* To do: The entries below contain pictures. Write out only the lines from the line with "Апартаменты Apartment Montjuic" up to and including the line with "Apple Router Keyboard & Misc (1 of 5)", exactly, without them.

* Records for the task:

---*---

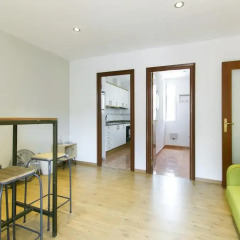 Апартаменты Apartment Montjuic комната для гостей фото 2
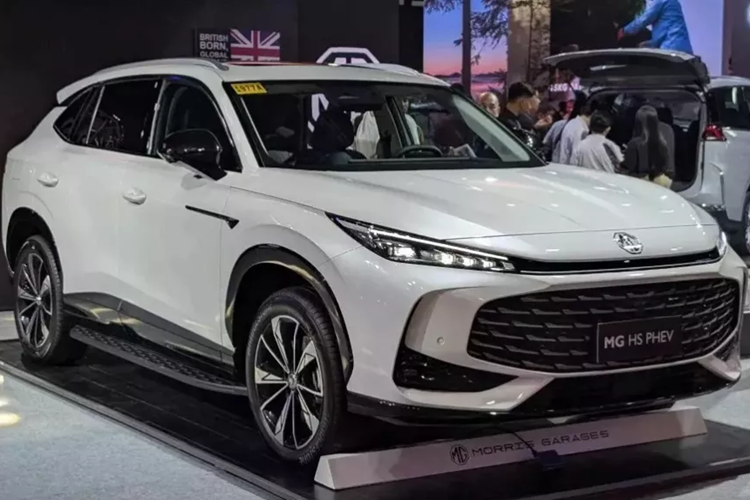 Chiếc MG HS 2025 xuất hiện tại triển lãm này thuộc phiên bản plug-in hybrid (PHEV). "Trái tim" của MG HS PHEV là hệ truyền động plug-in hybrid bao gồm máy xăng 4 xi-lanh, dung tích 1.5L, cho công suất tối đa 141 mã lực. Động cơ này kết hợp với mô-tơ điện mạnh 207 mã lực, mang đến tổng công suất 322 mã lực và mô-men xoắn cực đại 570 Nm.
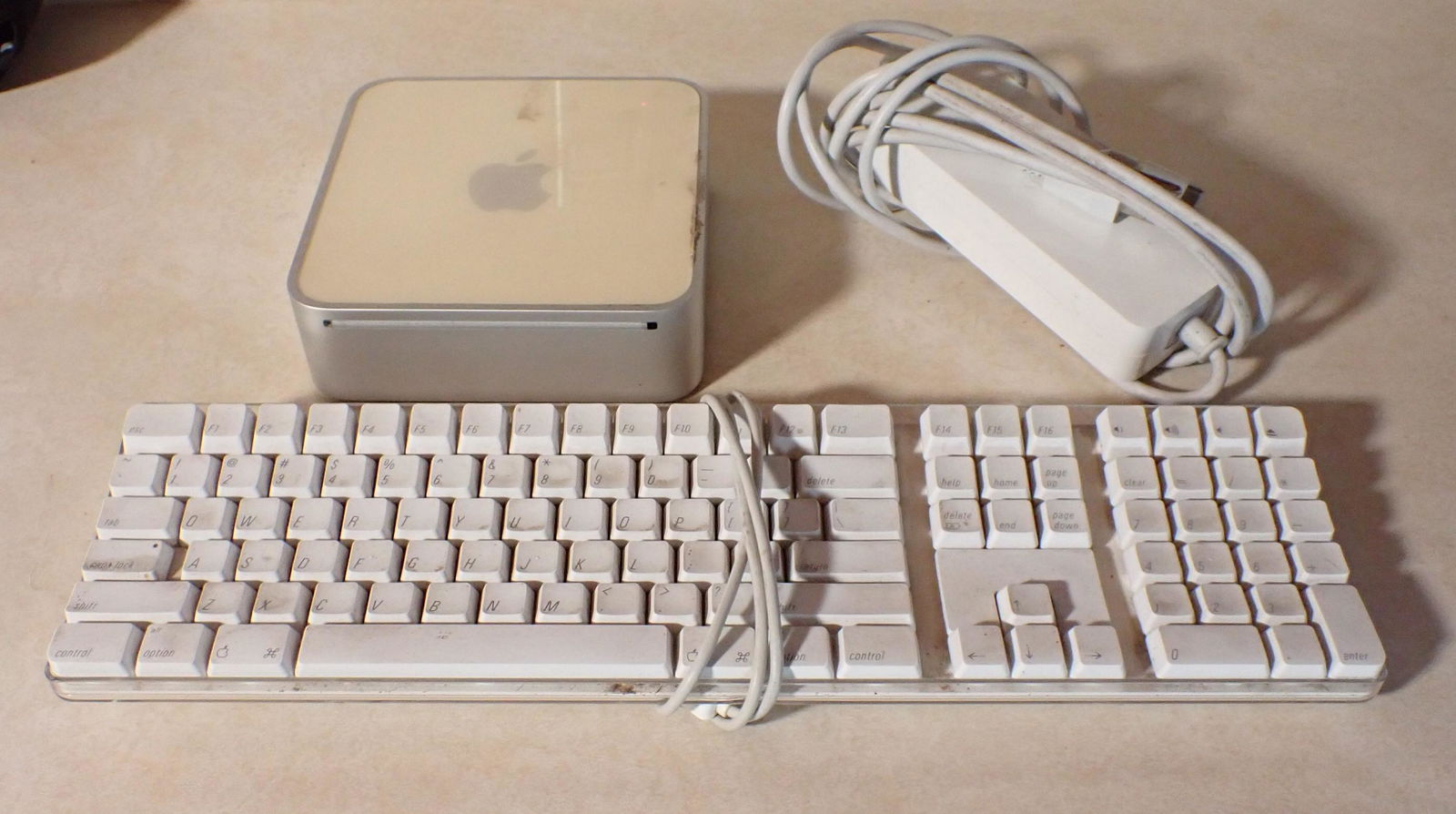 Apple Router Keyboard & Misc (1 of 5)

---*---

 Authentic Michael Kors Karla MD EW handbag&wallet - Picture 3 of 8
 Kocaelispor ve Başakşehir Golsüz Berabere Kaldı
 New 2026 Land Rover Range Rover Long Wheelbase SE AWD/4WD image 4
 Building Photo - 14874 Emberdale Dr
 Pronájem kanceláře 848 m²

---*---

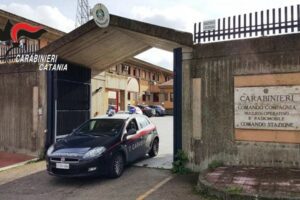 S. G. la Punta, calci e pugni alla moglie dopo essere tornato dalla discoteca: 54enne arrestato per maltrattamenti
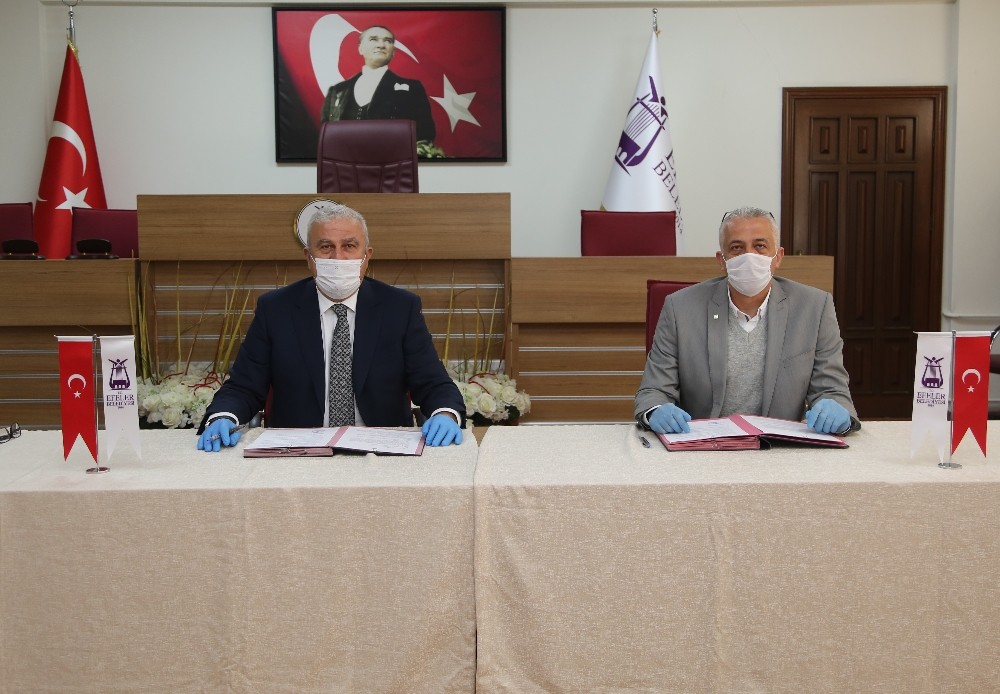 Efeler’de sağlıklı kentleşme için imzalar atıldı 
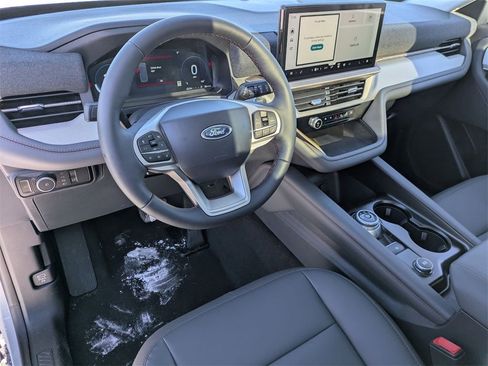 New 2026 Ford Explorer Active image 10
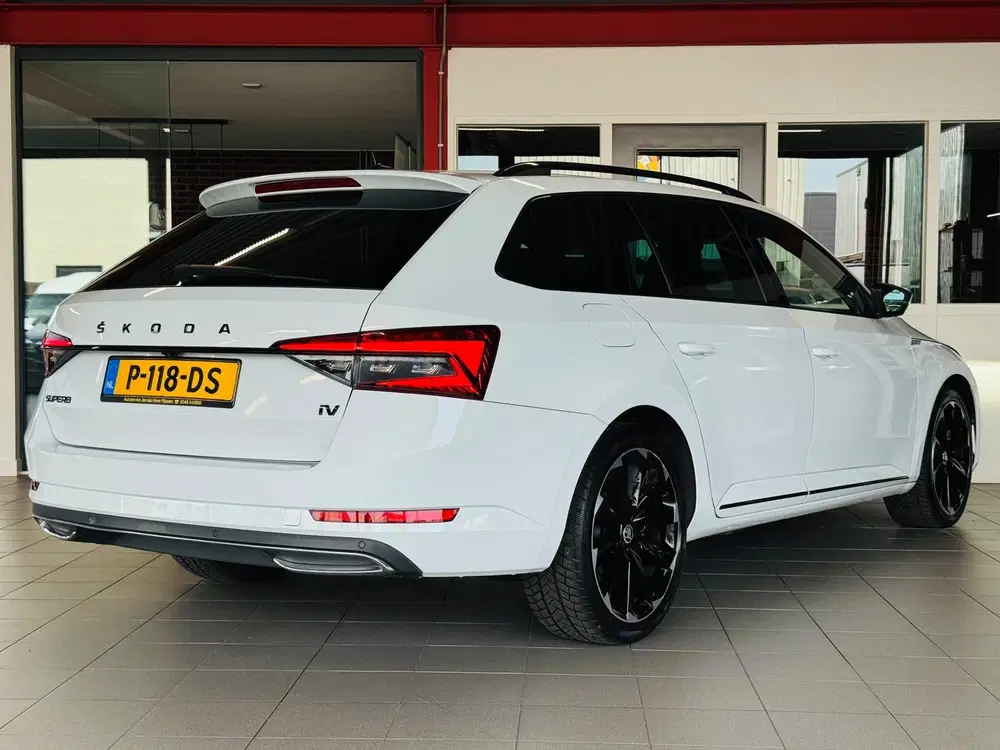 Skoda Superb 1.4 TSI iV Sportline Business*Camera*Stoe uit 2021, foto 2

---*---

* Task output:
 Апартаменты Apartment Montjuic комната для гостей фото 2
 Chiếc MG HS 2025 xuất hiện tại triển lãm này thuộc phiên bản plug-in hybrid (PHEV). "Trái tim" của MG HS PHEV là hệ truyền động plug-in hybrid bao gồm máy xăng 4 xi-lanh, dung tích 1.5L, cho công suất tối đa 141 mã lực. Động cơ này kết hợp với mô-tơ điện mạnh 207 mã lực, mang đến tổng công suất 322 mã lực và mô-men xoắn cực đại 570 Nm.
 Apple Router Keyboard & Misc (1 of 5)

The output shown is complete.